Jesus gives us a double answer in Matthew 15:8–9. And he’s not leaving the Old Testament (Isaiah 29:13); he’s quoting it.

This people honors me with their lips,
    but their heart is far from me;
in vain do they worship me,
    teaching as doctrines the commandments of men.

This is about worship. But what it teaches applies to all of life, because, for the Christian, all of life is worship (Romans 12:1–2). “Whether you eat or drink, or whatever you do, do all to the glory of God” (1 Corinthians 10:31). “Whatever you do, in word or deed, do everything in the name of the Lord Jesus” (Colossians 3:17).

Wasted Worship

Jesus says there are two things that happen to cause the worship of God — the name of God — to be empty, futile, pointless, wasted.

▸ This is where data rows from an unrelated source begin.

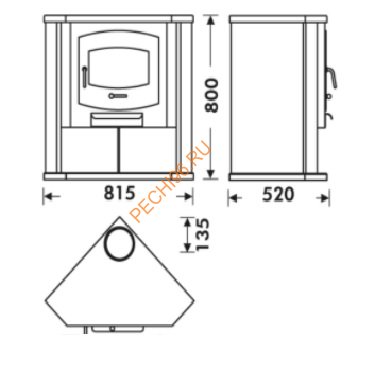 Угловая печь-камин Panadero SINTRA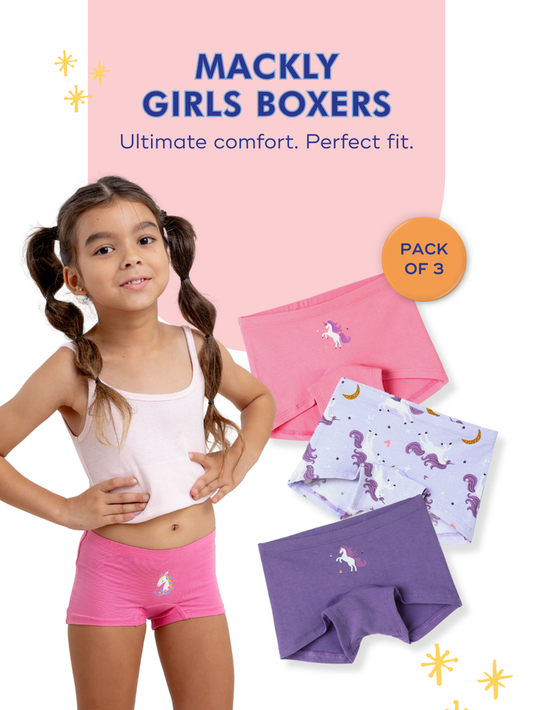 Mackly Girls Boxers - Pack of 3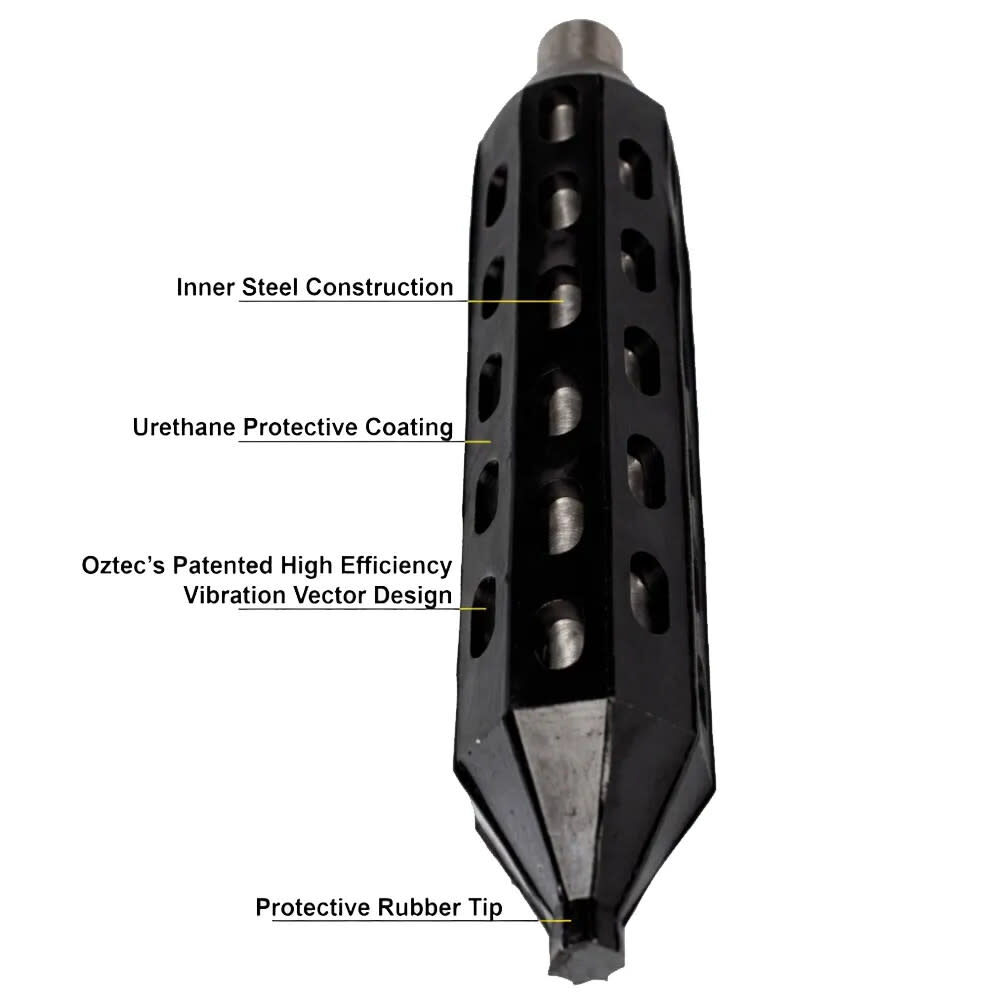 Oztec Industries 2-1/2 Inch x 14 Inch Rubber Concrete Vibrator Head, large image number 2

1. “This people honors me with their lips, but their heart is far from me.” The heart is emptied of affections for God, for his name — love, admiration, reverence, cherishing, treasuring.

2. The second thing that makes the worship “in vain” (Matthew 15:9) is that “they worship me, teaching as doctrines the commandments of men.” Words, statements about God, have been emptied of God’s truth, and replaced with human opinions.

When the heart is emptied of affections for God, and words are emptied of the truth of God, all thoughts, all words, all emotions, and all acts are empty, pointless, futile, in vain. Therefore, to take the name of God in vain is to take up some expression of God’s reality into our thoughts or emotions or words or actions when the truth of God has gone out of them, and true affections for God are missing.

If you thought I was going to address cuss words in this sermon, like “God damn!” and “Jesus Christ!” and “Oh my God!” (OMG, I forgot to comb my hair!), well, I have — if you have ears to hear. The elimination of that kind of use of the name of God is the kindergarten of the school of Christ. If you still have kindergarten behaviors, here’s the remedy: fill your words with the weight of God’s truth, and fill your hearts with affections for his name.

‘For His Name’s Sake’

Now back to the first three of the Ten Commandments.

Recall the countercultural, counterintuitive, offensive, shocking language of God: Nothing above me in your thoughts and affections and words and actions. No carved substitutes that steal away your thoughts and affections and words and actions. For I am jealous to have all your heart, and all your mind, and all your soul, and all your strength.

So, don’t treat me — my name — as empty, futile, pointless, trivial, inconsequential, insignificant. Don’t let your words be empty of my truth. Don’t let your hearts be empty of your affections. Revere me. Love me. Trust me. Treasure me. Satisfy your heart with me.

What Oprah failed to see when she took offense at the jealousy of God was that God’s jealousy for his name — his jealousy to be supreme in our affections — is our salvation and our joy.

For your name’s sake, O Lord,
    pardon my guilt, for it is great. (Psalm 25:11)

Deliver us, and atone for our sins,
    for your name’s sake! (Psalm 79:9)

He saved them for his name’s sake. (Psalm 106:8)

You have a great calling, Cities Church. So countercultural, counterintuitive, offensive, and shocking, that only with a miracle will people see that it is good news.

The name of the Lord is a strong tower;
    the righteous man runs into it and is safe. (Proverbs 18:10)

Don’t treat this tower like a crumbling shack. It’s not. It is your life.